# [EXERCISE DATA]
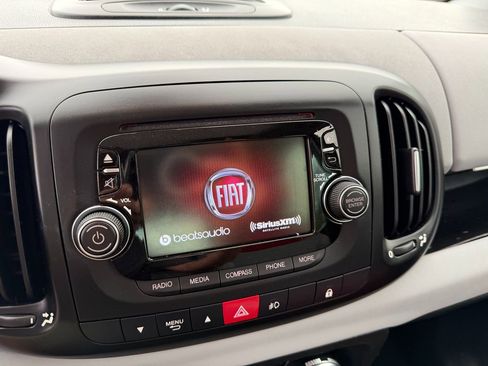 Used 2014 FIAT 500L Easy FWD image 12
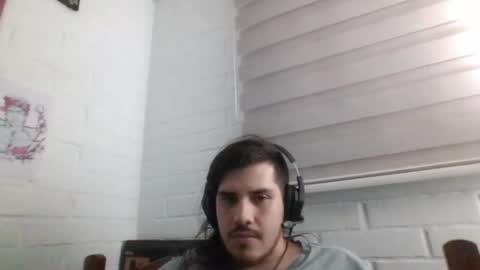Snapshot of hungweeb chatting on February 15, 2:58 am Rod online show from February 15, 2:58 am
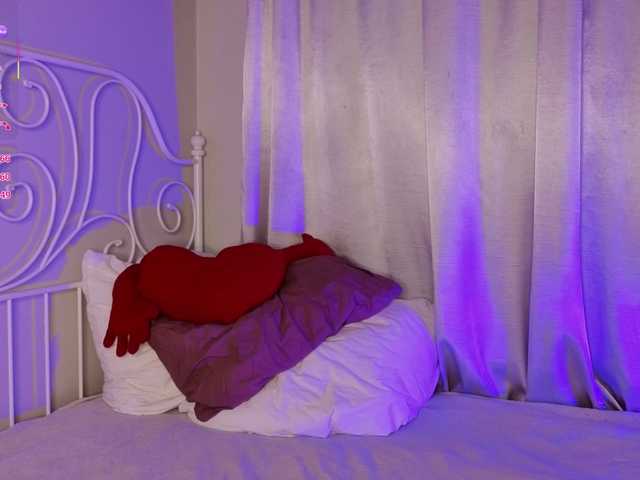 KellyMiller live cam on BongaCams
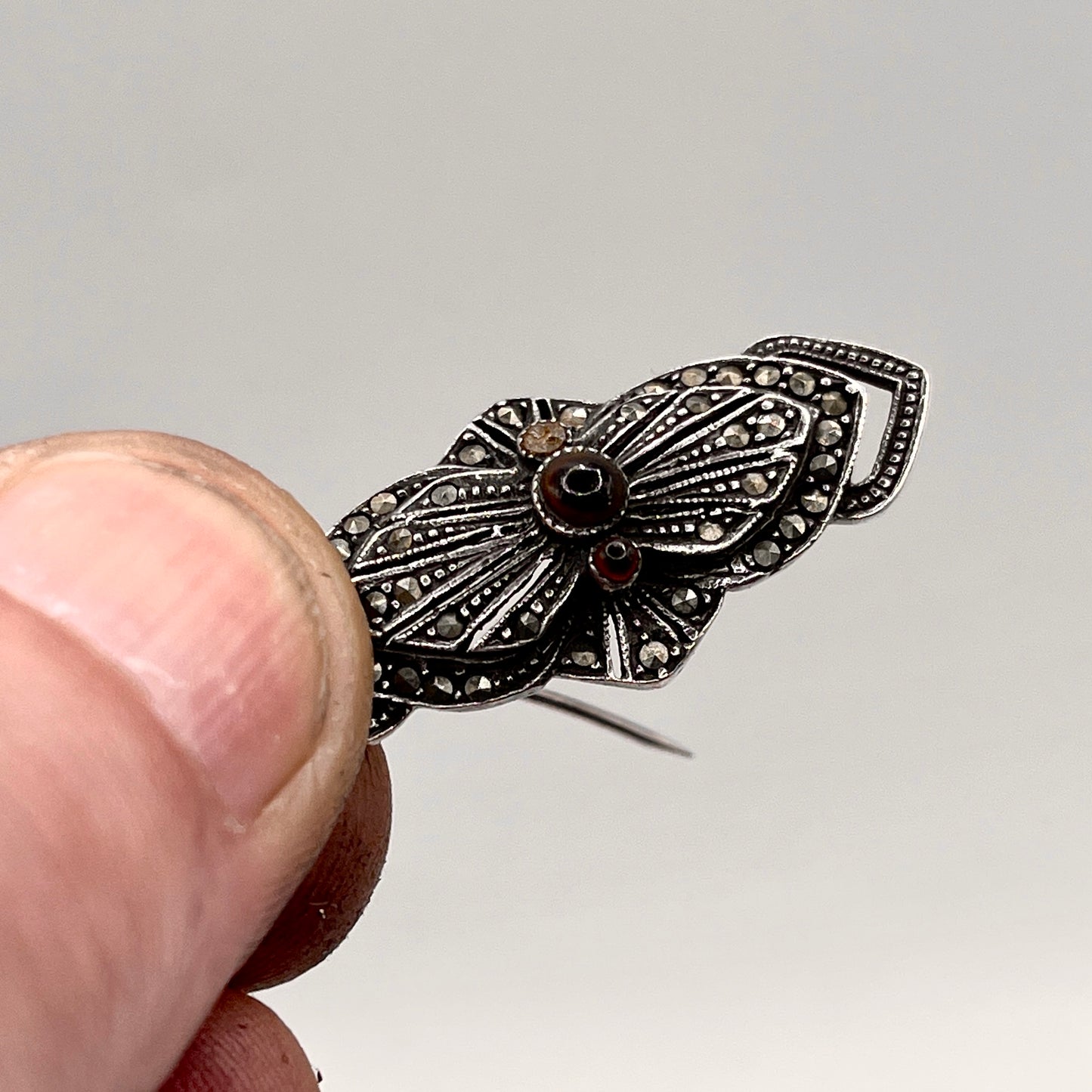 Anello Artigianale GRANATO Mod. SPILLA Realizzato con Antica spilla in Argento (Prima Metà del ’900)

# [TASK GOAL]
Leave every picture out and write out exactly the lines from the line with "Snapshot of hungweeb" through the last line of the material.

# [EXERCISE ANSWER]
Snapshot of hungweeb chatting on February 15, 2:58 am Rod online show from February 15, 2:58 am
 KellyMiller live cam on BongaCams
 Anello Artigianale GRANATO Mod. SPILLA Realizzato con Antica spilla in Argento (Prima Metà del ’900)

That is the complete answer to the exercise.